Dominus Deus tuus ignis consumens est
Staff member
Premium Member
He basically said that being pro-life is taking care about every life. And this is done through planning in advance.
Universal healthcare, prevention, efficient adoption system and do on.

Precisely, well-said Estro.
 

Revoltingest

Pragmatic Libertarian
Premium Member
This is what I was thinking as well. Abortion bans have an atrociously detrimental effect from a humanitarian and medical standpoint, but the Vatican's statement seems to beat around the bush and refuse to directly address that.
I assume that the Pope finds "murdering" fetuses
to be the greater detriment to humanity.
We must recognize that this is all based upon his
presumption that human life has a very specifically
defined beginning, one not shared by billions of
other people. This isn't even clear per Bible based
arguments I've yet heard. Yet he imposes this upon
believers & nons alike.
 

Debater Slayer

Vipassana
Staff member
Premium Member
I think in context, it is important to bear in mind that the Vatican speaks from an already assumed 'pro-life' (to use the American political jargon) perspective and starts from that as a presupposition.

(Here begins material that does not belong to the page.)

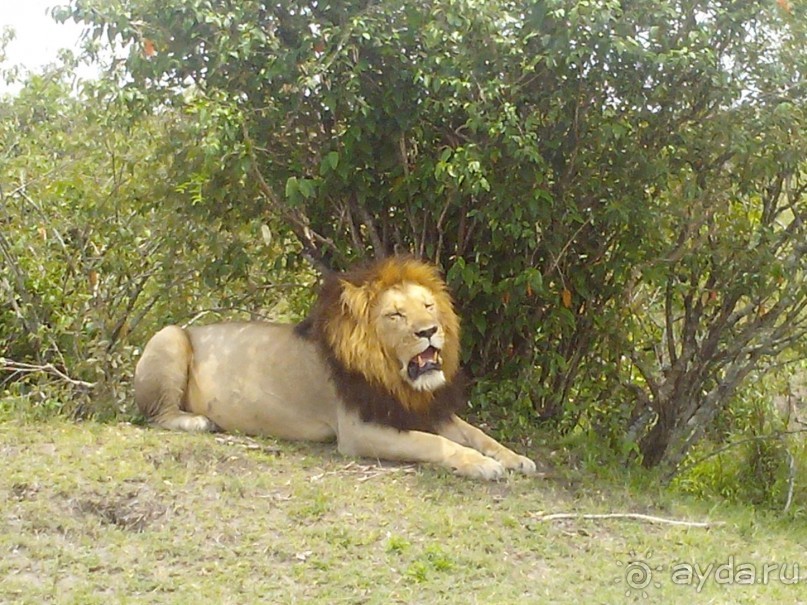 фото Keekorok Game Lodge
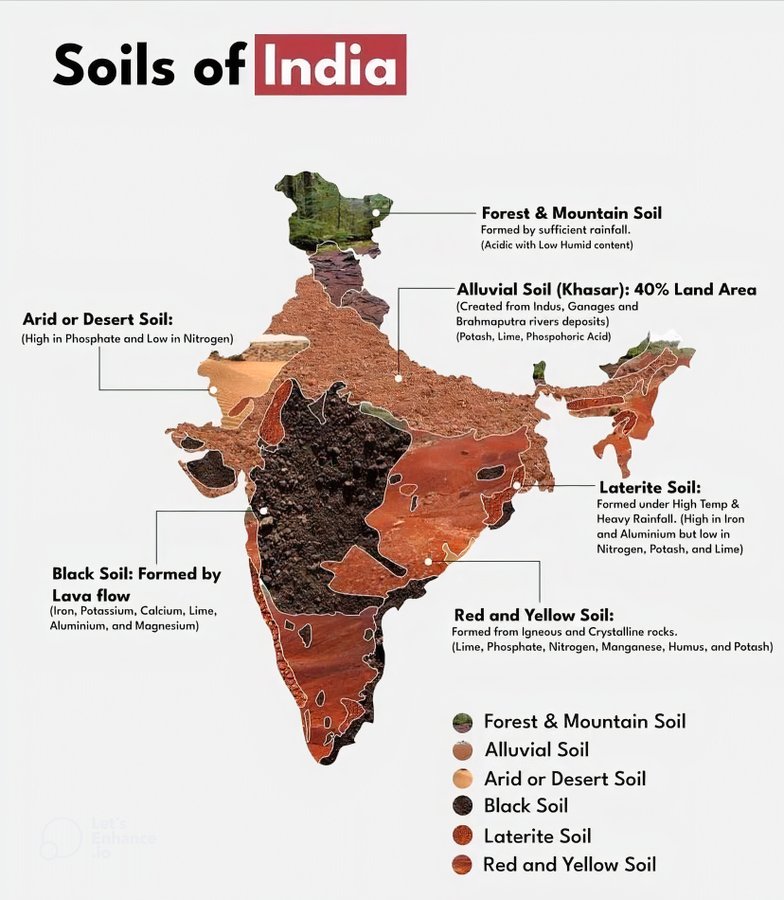 Soils of India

In the OP, the Vatican editorial was critiquing the stance of American pro-lifers from its own pro-life standpoint - for their failure to apply a consistent ethic of life and for their preoccupation with the prohibition of abortion to the exclusion of the protection of life at all stages and in every form; as the appalling rise in mortality rates of mothers, support for firearms, the death penalty etc. which the Vatican cites, amply evidences.

The key is this line:


In a media editorial on the United States Supreme Court's ruling to end the constitutional right to abortion, Andrea Tornielli said those who oppose abortion could not pick and choose pro-life issues.

Thus, the Vatican editorial states:

For life, always - Vatican News

A serious and shared reflection on life and the protection of motherhood would require us to move away from the logic of opposing extremisms and the political polarization that often—unfortunately—accompanies discussion on this issue, preventing true dialogue.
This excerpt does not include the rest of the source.